TLDR; browsed lack of sanitizing attributes in IPP - as addressed in the commit above.

```

printer-privacy-policy-uri = [https://www.google.com/"\n*FoomaticRIPComman…|https://www.google.com/%22%5Cn*FoomaticRIPCommandLine]: "echo 1 > /tmp/PWNED"\n*cupsFilter2 : "application/pdf application/vnd.cups-postscript 0 foomatic-rip

```

Re: Full disclosure has been released - its cups-browsed, link in body.

Creslin

OP writeup

https://www.evilsocket.net/2024/09/26/Attacking-UNIX-systems-via-CUPS-Part-I/

Re: Full disclosure has been released - its cups-browsed, link in body.

Mage

So can't be a doomsday 9.9

Meh.

Unless Drive by 3rd party evil js via browser can work it? If so another reason to by default block all 3rd scripts, Though CloudFlare thinks you are a bot when you do that. Idiots.

Re: Full disclosure has been released - its cups-browsed, link in body.

sten2012

It's a remote code execution with no authentication. Definitely a 9.9

CVSS base score doesn't care how widespread software is.

Heartbleed was serious and widespread but an information disclosure that in and of itself doesn't offer RCE.

A lot of people here are confused about the scope and utilisation of CVSS base scores.

But yes. There was much hype. Over a serious but not completely ubiquitous issue

Is that all?

GBE

There people who enable cups-browsed?

I've never seen it running on any Linux machine I've used during the past 30-odd years.

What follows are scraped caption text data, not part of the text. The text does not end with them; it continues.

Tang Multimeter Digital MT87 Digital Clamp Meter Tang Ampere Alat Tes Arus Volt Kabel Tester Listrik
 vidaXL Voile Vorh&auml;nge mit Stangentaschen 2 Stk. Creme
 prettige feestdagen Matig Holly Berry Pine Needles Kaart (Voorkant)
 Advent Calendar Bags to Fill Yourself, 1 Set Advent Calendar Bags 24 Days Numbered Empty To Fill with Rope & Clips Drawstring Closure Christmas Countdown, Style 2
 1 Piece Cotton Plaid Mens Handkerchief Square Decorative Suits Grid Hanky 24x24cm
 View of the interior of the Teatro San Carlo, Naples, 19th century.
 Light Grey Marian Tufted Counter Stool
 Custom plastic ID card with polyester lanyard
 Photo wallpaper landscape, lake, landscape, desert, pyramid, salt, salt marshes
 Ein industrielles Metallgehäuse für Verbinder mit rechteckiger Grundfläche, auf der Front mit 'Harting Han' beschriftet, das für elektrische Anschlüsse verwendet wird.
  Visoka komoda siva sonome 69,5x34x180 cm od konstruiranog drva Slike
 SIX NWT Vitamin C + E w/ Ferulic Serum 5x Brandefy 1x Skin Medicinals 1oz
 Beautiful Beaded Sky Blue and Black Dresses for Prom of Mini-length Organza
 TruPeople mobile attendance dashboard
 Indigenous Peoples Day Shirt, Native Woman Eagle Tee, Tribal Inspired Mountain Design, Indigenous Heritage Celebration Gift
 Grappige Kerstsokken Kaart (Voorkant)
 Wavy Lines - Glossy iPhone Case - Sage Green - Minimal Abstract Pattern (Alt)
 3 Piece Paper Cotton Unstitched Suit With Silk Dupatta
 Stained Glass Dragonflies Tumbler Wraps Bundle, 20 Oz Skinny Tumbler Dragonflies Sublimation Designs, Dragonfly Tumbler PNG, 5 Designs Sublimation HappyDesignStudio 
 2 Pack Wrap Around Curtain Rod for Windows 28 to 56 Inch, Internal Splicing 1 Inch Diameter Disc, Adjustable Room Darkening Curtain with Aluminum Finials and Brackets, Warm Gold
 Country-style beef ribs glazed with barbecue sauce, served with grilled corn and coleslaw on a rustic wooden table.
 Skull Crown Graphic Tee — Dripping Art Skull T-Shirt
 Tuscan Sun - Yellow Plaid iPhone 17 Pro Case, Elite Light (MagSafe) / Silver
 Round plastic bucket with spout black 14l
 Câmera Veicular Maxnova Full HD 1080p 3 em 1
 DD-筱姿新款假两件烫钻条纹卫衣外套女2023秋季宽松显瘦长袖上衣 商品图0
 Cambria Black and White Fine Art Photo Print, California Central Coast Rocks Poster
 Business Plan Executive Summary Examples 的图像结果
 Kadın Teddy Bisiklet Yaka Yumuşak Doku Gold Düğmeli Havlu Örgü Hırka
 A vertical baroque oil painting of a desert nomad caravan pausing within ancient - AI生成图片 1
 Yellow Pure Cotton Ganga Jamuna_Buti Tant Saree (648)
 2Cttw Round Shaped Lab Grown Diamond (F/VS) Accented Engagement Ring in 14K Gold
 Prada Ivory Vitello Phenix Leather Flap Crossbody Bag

That's got to be a tiny, tiny percentage of Linux systems. Hardly "affects all Linux systems and distros" as originally claimed.

Re: Is that all?

diodesign

FWIW I'm using Debian 12.7 right now (desktop Linux FTW) and I not only had cups-browsed installed, I just removed it.

C.

Re: Is that all?

cyberdemon

The OP (evilsocket) claims to have seen 300k linux systems with open CUPS ports on the Internet using shodan.io. But how many are real and how many are honeypots, who knows

Re: Is that all?

BinkyTheMagicPaperclip

300K is not a lot in terms of the Internet. Yes, it's a lot of systems, yes it's a problem, but it's a drop in the ocean compared with all Linux systems or the majority of Unix systems.

At least the author has the grace to question the 9.9 rating. 9.9 as it's easily exploited, but only if you're running a service many Unix systems aren't.

Having said that, if you're printing, you're probably using CUPS. I've tried looking at non CUPS solutions for printing and painful doesn't even begin to describe the documentation and moving parts.

Re: Is that all?

GBE

Having said that, if you're printing, you're probably using CUPS.

Yes, but you don't need to have cups-browsed running to use CUPS. I've been using CUPS for decades and have never enabled cups-browsed.

Sheesh. Kids these days and their silly auto-magical auto-discovery stuff!

Re: Is that all?

breakfast

I'd be very surprised if there were within an order of magnitude of 300k honeypots.

Re: Is that all?

FlippingGerman

My mini-pc home server running Ubuntu had it installed and running. My Raspberry Pis appear not to.

You can't get hacked if you don't have it.

Anonymous Coward

Rocky 8 Desktop default.

cups-browsed.service - Make remote CUPS printers available locally

Loaded: loaded (/usr/lib/systemd/system/cups-browsed.service; disabled; vendor preset: disabled)

Rocky 9 Server not installed by default.

*YAWN*

Anonymous Coward

$ systemctl status cups-browsed

● cups-browsed.service - Make remote CUPS printers available locally

Loaded: loaded (/usr/lib/systemd/system/cups-browsed.service; disabled; vendor preset: disabled)

Active: inactive (dead)

Mountains, molehills ....

jake

... and storms in tea CUPS.

Gotta love Chicken Little syndrome. Selling column-inches since the advent of the red-top.

There is a time in the tides of men,
Which, taken at its flood, leads on to success.
On the other hand, don't count on it.